Her eyes widened and she nodded but I couldn't hold back anymore. The need for her had grown too much over the years and even more so over this summer where I had used every ounce of energy to stay away from her.

"Can I kiss you now?" I asked jokingly and to my surprise, she blushed nervously before sitting on my bed. "Stop being cute. I can't hold back."

"I didn't ask you to," she said, her voice almost a whisper but I heard it so I pushed her onto my bed until she was flush against my sheets.

She let out a little gasp as her head hit my soft bedding and I climbed onto her, my knees beside her thighs, straddling her into place. She looked up at me, the tension melting away from her body as I covered her mouth with mine. Her lips had to be the softest lips I had ever kissed and her mouth tasted sweet and warm. I touched her cheek, her soft and silky skin warm against my touch.
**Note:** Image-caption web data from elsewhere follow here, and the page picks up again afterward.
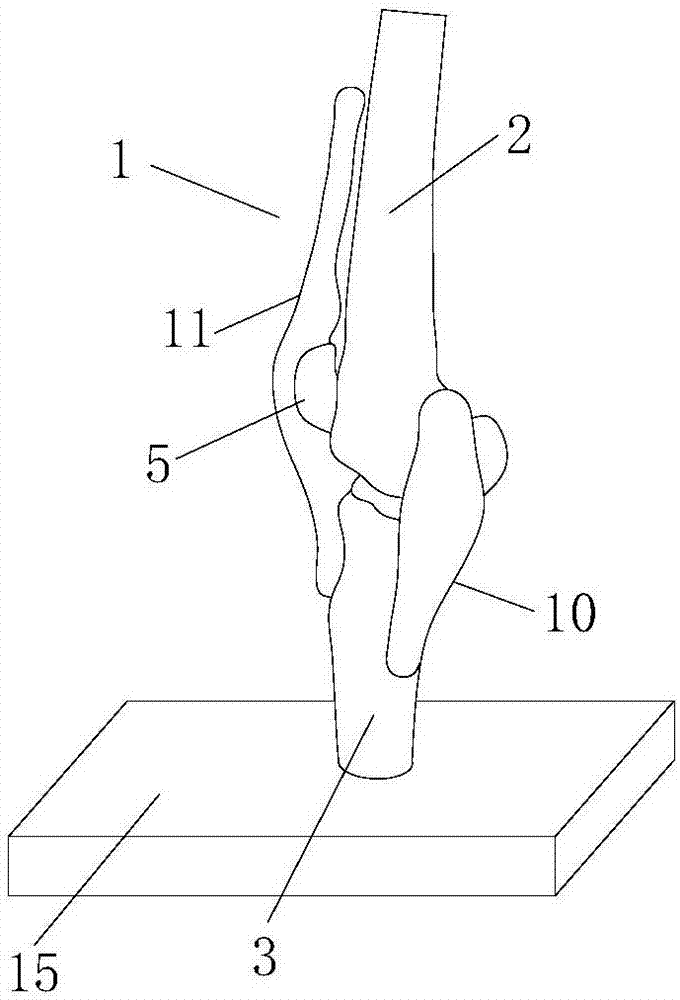 可拆卸膝关节教学模型的制作方法与工艺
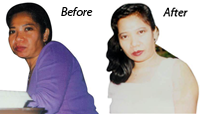 Cecilia Before - Youthfulness Aling with Beauty Achieved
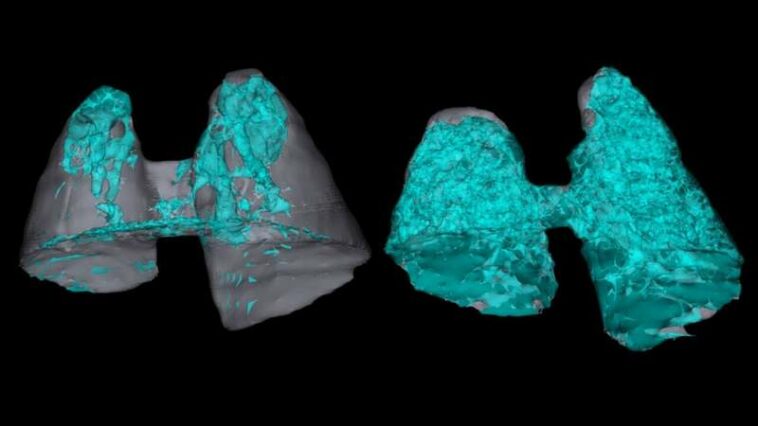 Disarming the immune system's lethal lung response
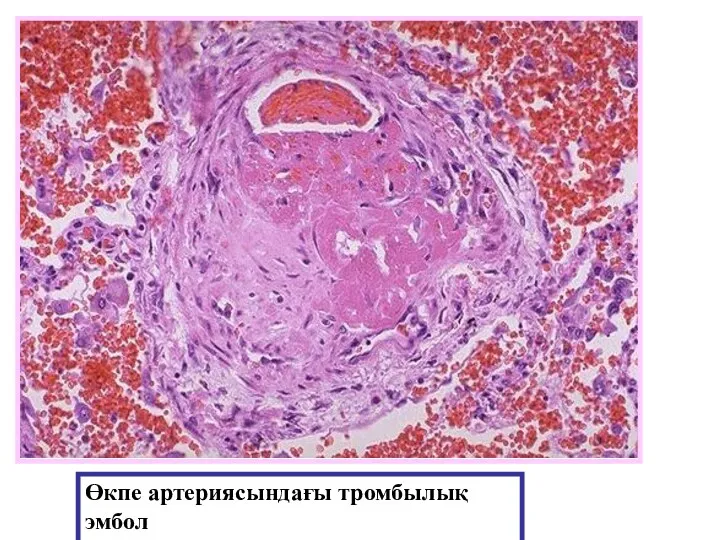 Өкпе артериясындағы тромбылық эмбол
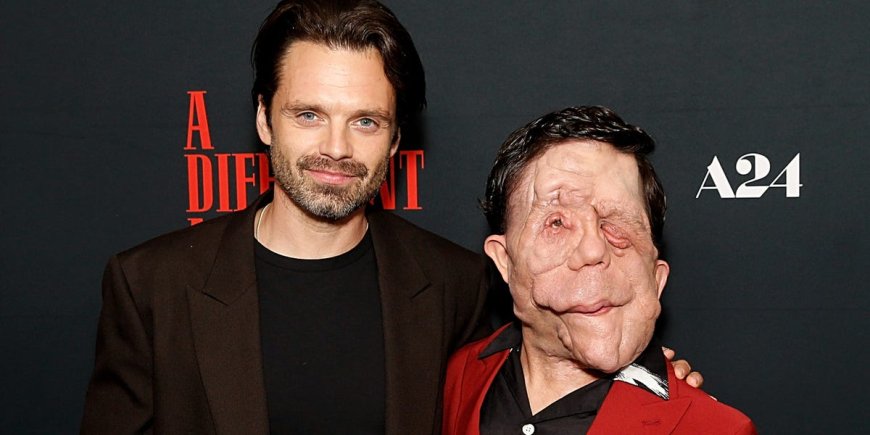 Everything to know about Adam Pearson, Sebastian Stan's scene-stealing costar in the A24 thriller 'A Different Man' --[Reported by Umva mag]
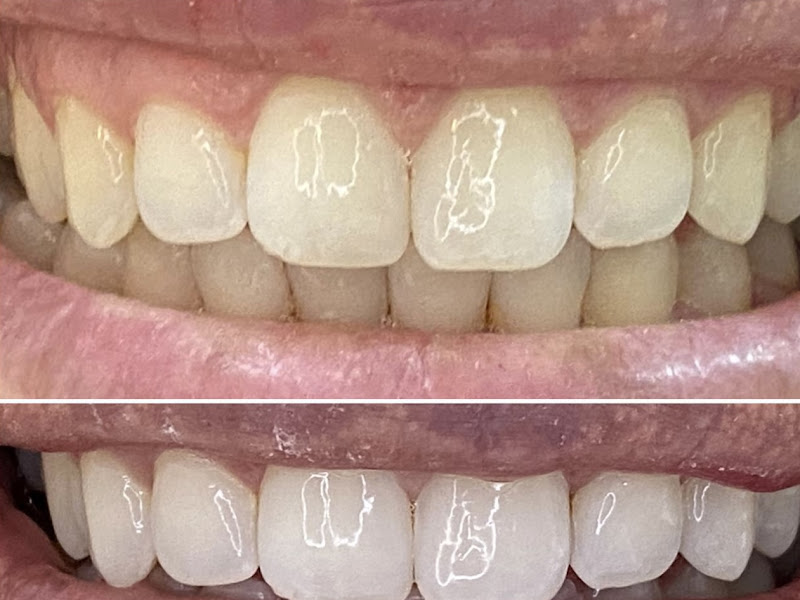 Foto 3 de Odontobliss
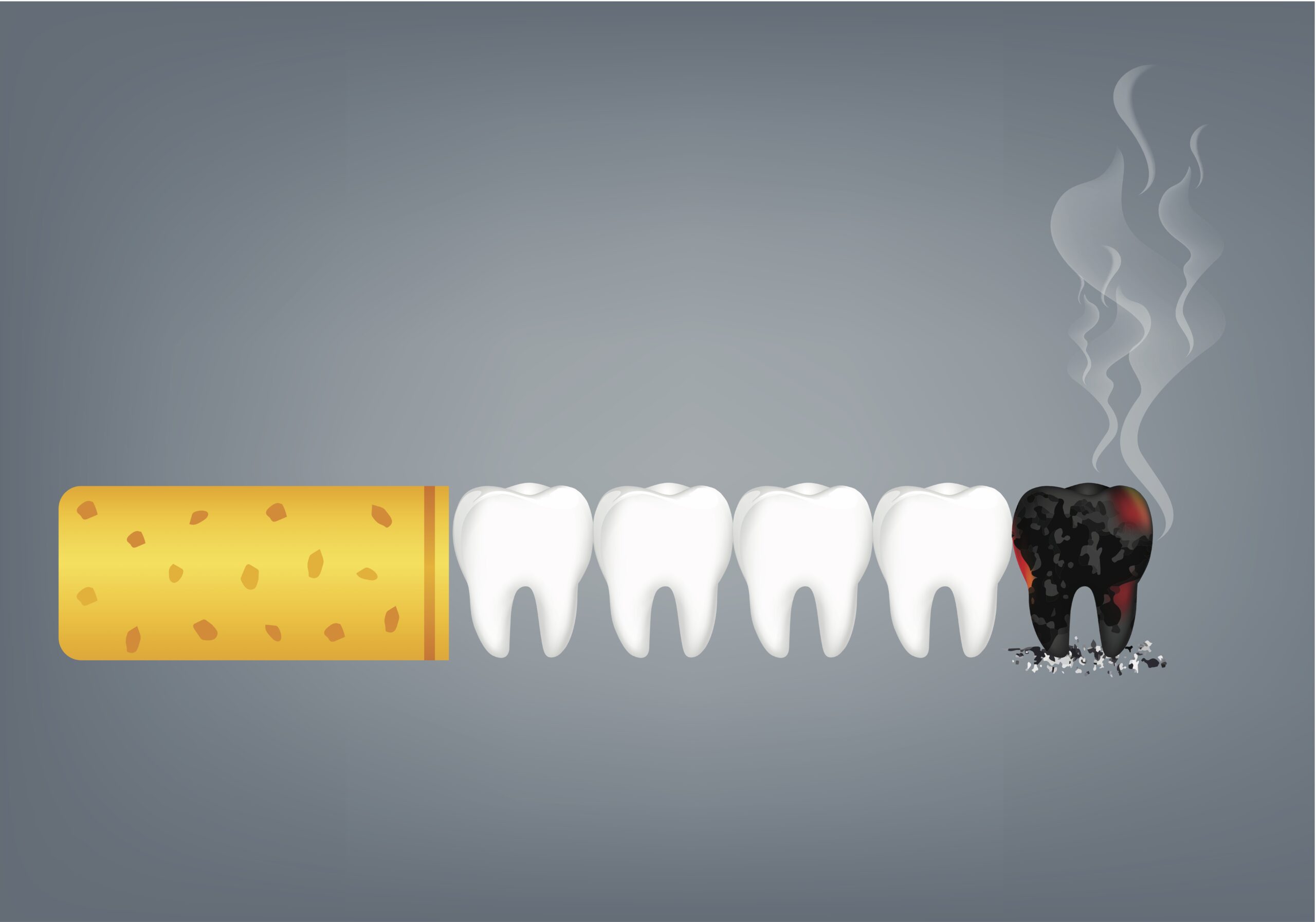 喫煙と歯周病の関連性のアイキャッチ画像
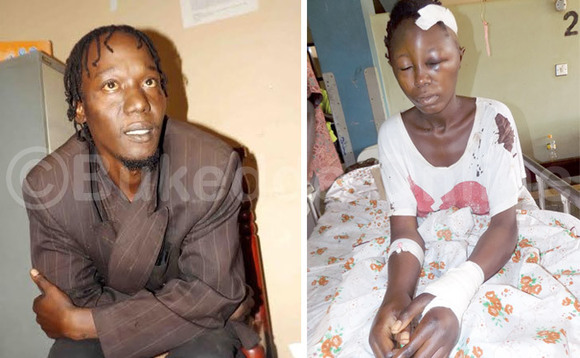 Edward Kyakuwa eyafumise muganda we ebiso n'amutta ate ku ddyo ye mukazi we Achan ng’apooca n’ebisago ku kitanda e Mulago. Edward Kyakuwa eyafumise muganda we ebiso n'amutta ate ku ddyo ye mukazi we Achan ng’apooca n’ebisago ku kitanda e Mulago.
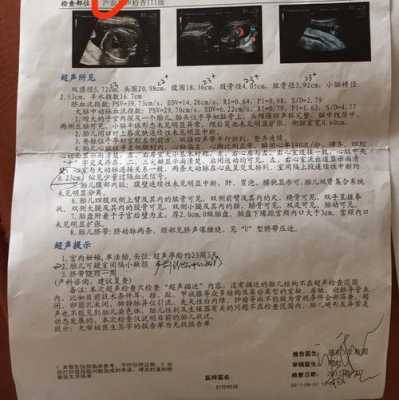 胎儿心脏畸形会误查吗(胎儿心脏畸形会误查吗怎么办) 第2张 胎儿心脏畸形会误查吗(胎儿心脏畸形会误查吗怎么办) 第2张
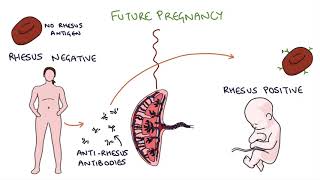 Antenatal Breathing and Relaxation for Labour [upl. by Eceinal327]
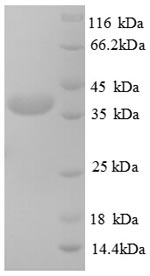 SDS-PAGE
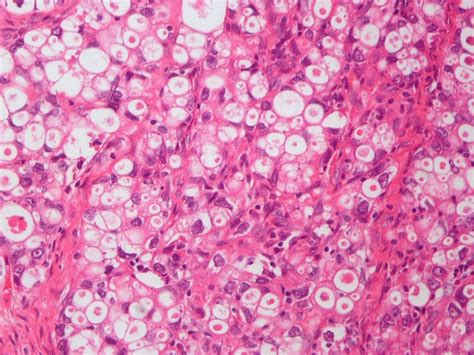 Pathology Outlines Clear Cell Carcinoma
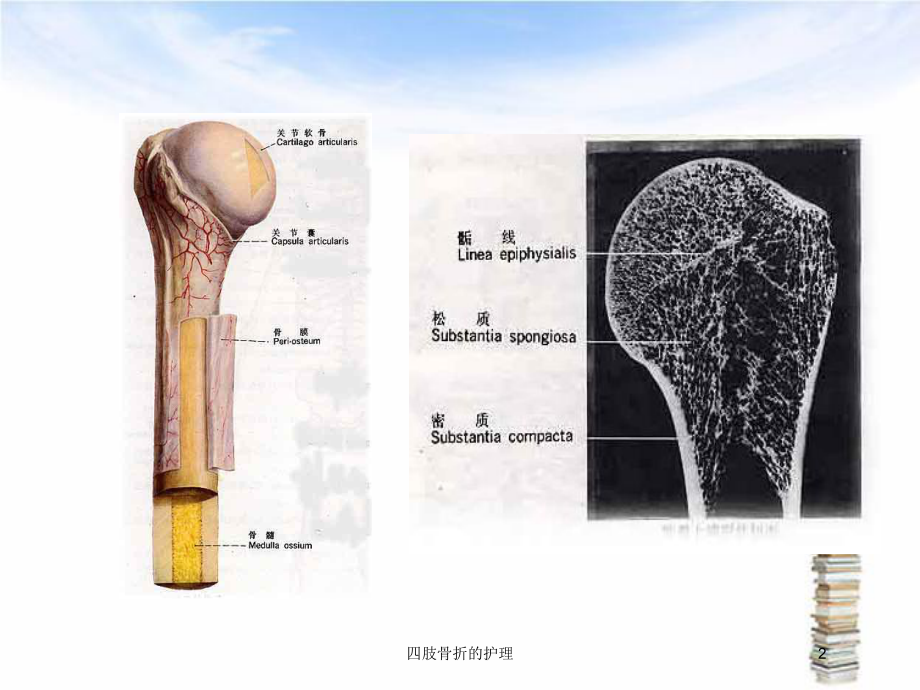 四肢骨折的护理培训课件.ppt_第2页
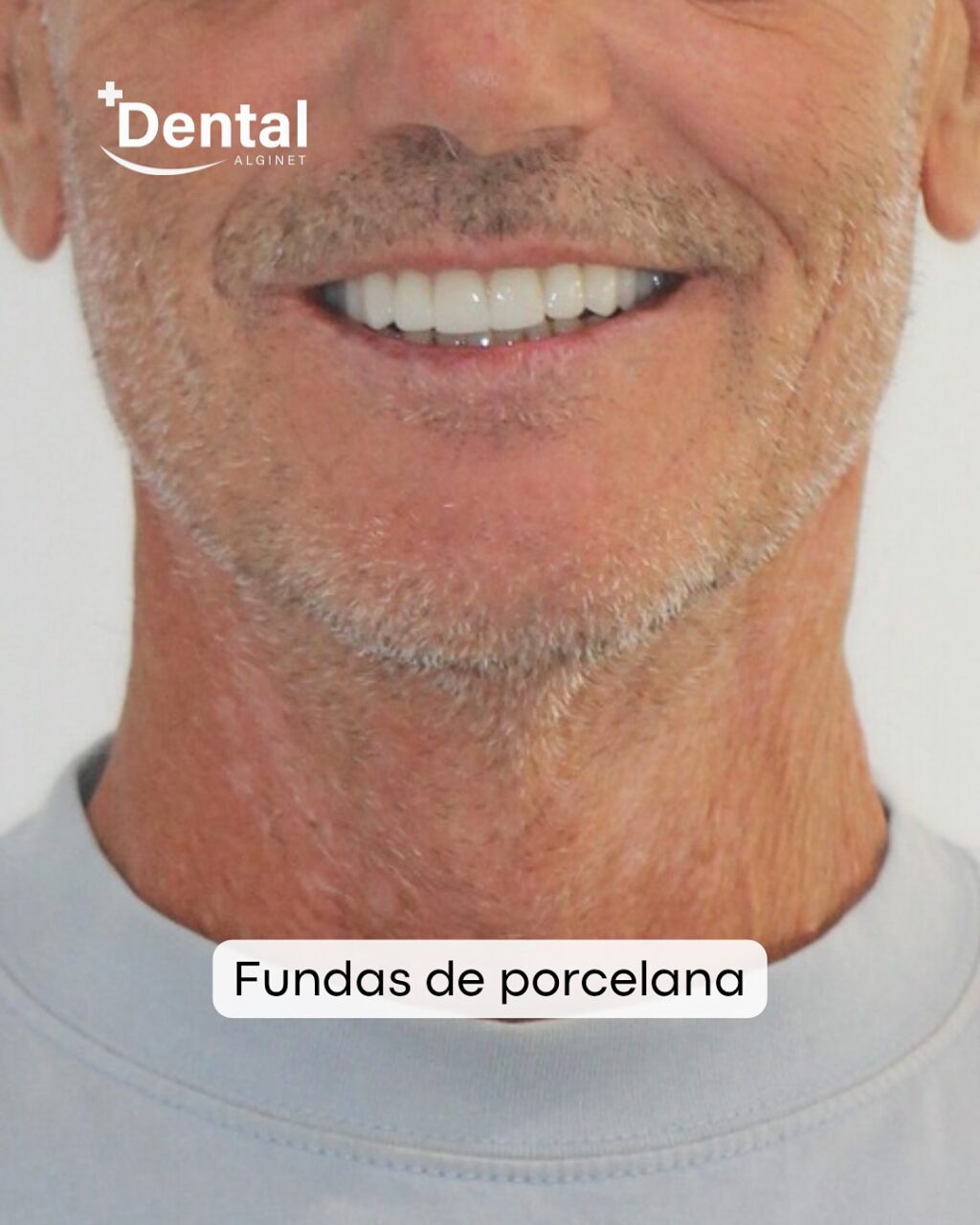 Instagram post from alginetmasdental. This post is in position 0.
She slowly ran her hand through my hair until it settled on the back of my neck, pulling me closer and deepening the kiss. That was enough of a welcome that I needed.

She fisted the sides of my t-shirt, pulling me closer and I smiled against her lips. I ran my hands up and down her body, making her arch her back, pressing her chest against mine. She tugged on my t-shirt and I knew she wanted to go further but was she ready?

I sat back and pulled my t-shirt over my head in one swift move, discarding it on the floor. She stared at my chest and I wondered whether she was taking in the tattoo or my scar. Her eyes were sad as she traced the length of my scar with on finger. I closed my eyes, unable to watch the sadness in her eyes turn to pity. I opened my eyes when she dropped her hand to my pecs, tracing patters all over my chest. I felt a little light headed and my heart raced in my chest, unlike it had ever before with any other girl. I tried to take in deep breaths to calm myself down and my racing heart but I couldn't. I needed her – no, I wanted her.